Using Voice Mode

Voice mode lets you talk to Mona naturally. This guide covers setup, usage, and optimization.

Installation

cd ~/.monoclaw/monoclaw-runtime
uv pip install -e ".[voice]"

This installs:

faster-whisper — Local speech-to-text
sounddevice — Audio capture
numpy — Audio processing

CLI voice mode

Enable

/voice on

Record and send

Press Ctrl+B to start recording
Speak your message
Press Ctrl+B again to stop
Mona transcribes and responds

Switch TTS voice

/voice voice zh-HK-HiuMaanNeural

Telegram voice messages

No setup needed — just send a voice message to Mona. She will:

Download the voice note
Transcribe it locally
Reply (with text or voice if TTS is on)

Enable TTS replies

monoclaw config set telegram.tts.enabled true

Discord voice channels

Join a voice channel

/voice join

Speak naturally

Join the same voice channel as Mona
Speak normally — she listens and responds
She leaves when you use /voice leave

Push-to-talk alternative

If the channel is noisy, use text chat alongside voice:

@Mona [voice only] summarize what I just said

Choosing a TTS provider

Edge TTS (free, default)

Good for everyday use.
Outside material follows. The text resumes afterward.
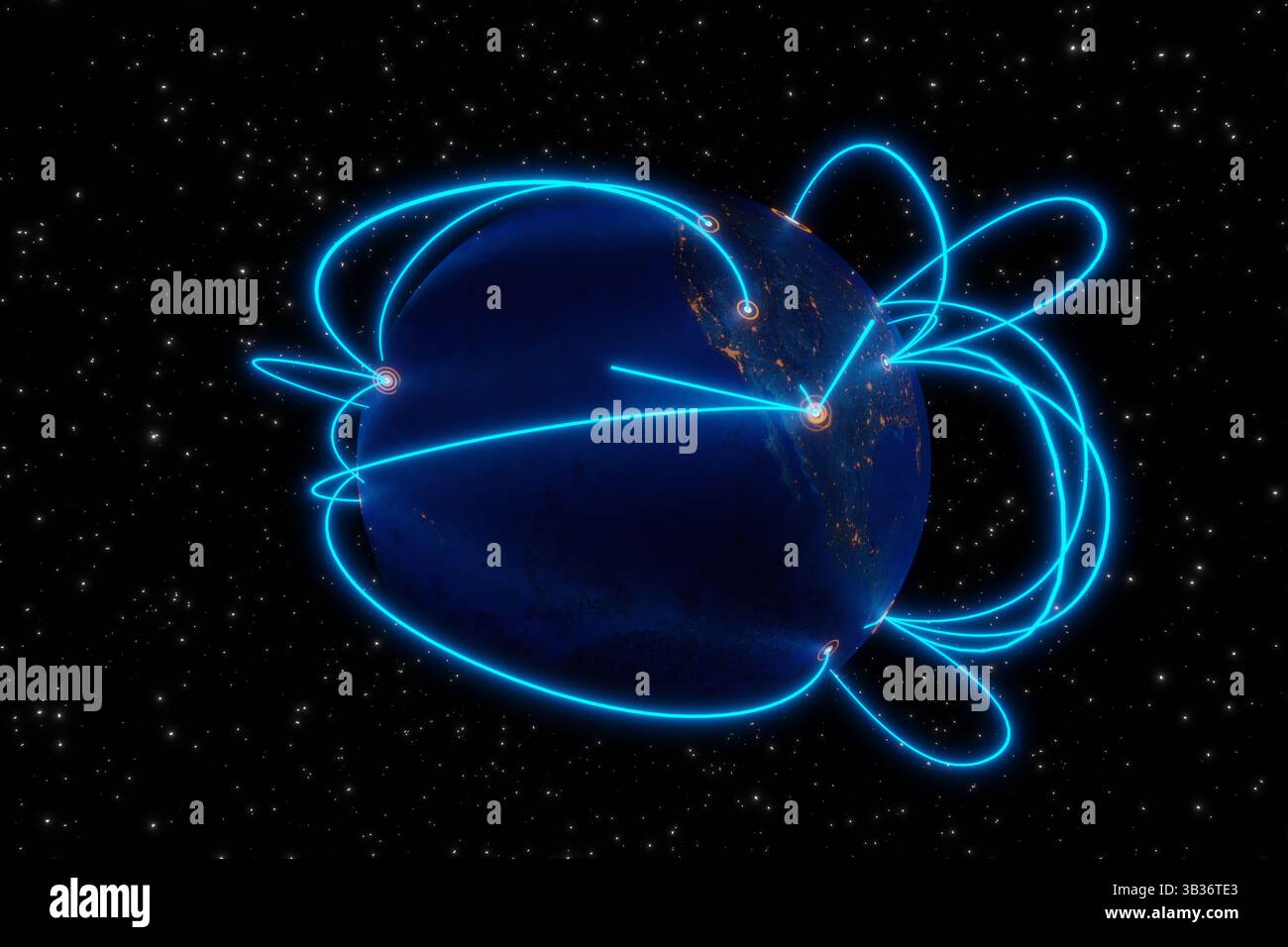 Three-dimensional rendering of the planet Earth focused on the American ...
Configure:

monoclaw config set tts.provider edge-tts
monoclaw config set tts.edge-tts.voice "en-US-AriaNeural"

ElevenLabs (premium)

Best quality, supports voice cloning:

uv pip install -e ".[tts-premium]"
monoclaw config set tts.provider elevenlabs
monoclaw config set ELEVENLABS_API_KEY "your-key"
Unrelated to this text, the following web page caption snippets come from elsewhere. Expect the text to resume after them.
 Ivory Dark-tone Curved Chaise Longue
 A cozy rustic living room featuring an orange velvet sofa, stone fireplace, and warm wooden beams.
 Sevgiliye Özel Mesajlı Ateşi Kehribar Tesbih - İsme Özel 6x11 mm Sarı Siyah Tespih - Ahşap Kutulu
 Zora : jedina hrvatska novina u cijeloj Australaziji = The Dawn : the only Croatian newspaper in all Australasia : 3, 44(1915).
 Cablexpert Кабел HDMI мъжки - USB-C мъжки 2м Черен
Optimizing transcription accuracy

Choose the right whisper model

Model	Accuracy	Speed	RAM
tiny	Basic	Fastest	~1GB
base	Good	Fast	~1GB
small	Very good	Medium	~2GB
medium	Excellent	Slow	~5GB
large	Best	Slowest	~10GB

monoclaw config set voice.stt.model "small"

Set language

Auto-detect works well but specifying improves accuracy:

monoclaw config set voice.stt.language "zh"    # Mandarin
monoclaw config set voice.stt.language "yue"   # Cantonese
monoclaw config set voice.stt.language "en"    # English

Best practices

Speak clearly — Whisper handles accents but clarity helps
Keep messages short — Under 30 seconds for best results
Use in quiet environments — Background noise reduces accuracy
Test different models — Balance accuracy vs speed for your hardware
Use headphones in Discord — Prevents echo and feedback

Troubleshooting

Problem	Fix
"Voice mode not available"	Install `[voice]` extra
"No audio input"	Check microphone permissions in OS settings
Poor transcription	Try a larger whisper model
High latency	Use `base` or `small` model; reduce TTS quality
Discord voice choppy	Check network connection; lower bitrate